The road to less complex and perhaps in some ways unauditable identity based information systems has to start with what subjects are you not going to identify? It’s a perfectly legitimate choice to make and one I would be asking about in the world of big data.

You need to know which subjects are not documented and which subjects are documented. As a conscious decision. Unless you don’t mind paying IT to reconstruct what might have been meant by a former member of IT staff.

Fourth, the world of subjects and the “semantic impedance” that Steve Newcomb identified so long ago, is increasing at an exponential rate.

Common terminologies or vocabularies emerge in some fields but even there the question of access to legacy data remains. Not to mention that “legacy” is a term that moves a frame behind our current stage of progress.

Windows XP, used by 95% of bank ATMs becomes unsupported as of today. In twelve short years XP has gone from being “new” software, to being the standard software, now legacy software and in not too many years, dead software.

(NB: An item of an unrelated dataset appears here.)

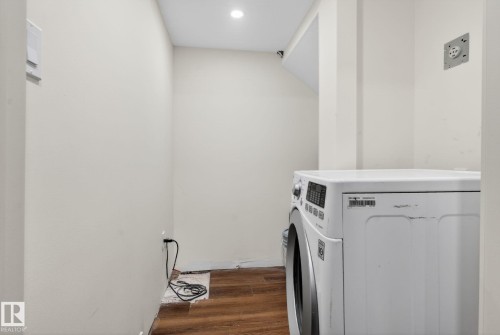 Dedicated laundry area featuring wood-finish flooring and a recessed ceiling light - 3605 42 Avenue, Beaumont, AB - Indoor Photo Showing Laundry Room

What are your estimates for the amount of data that will die with Windows XP? For maximum impact, give your estimate in terms of equivalents to the Library at Alexandria. (An unknown amount but it has as much validity as many government and RIAA estimates.)

Finally, as big data and data processing power grows, the need and opportunity for using data from diverse sources grows. Is that going to be your opportunity or the opportunity someone else has to sell you their view of semantics?

I am far more interested in learning and documenting the semantics of you and your staff than creating alien semantics to foist on a workforce (FBI Virtual Case Management project) or trying to boil some tide pool of the semantic ocean (RDF).

You can document your semantics where there is a business, scientific, or research ROI, or you can document someone else’s semantics about your data.

Your call.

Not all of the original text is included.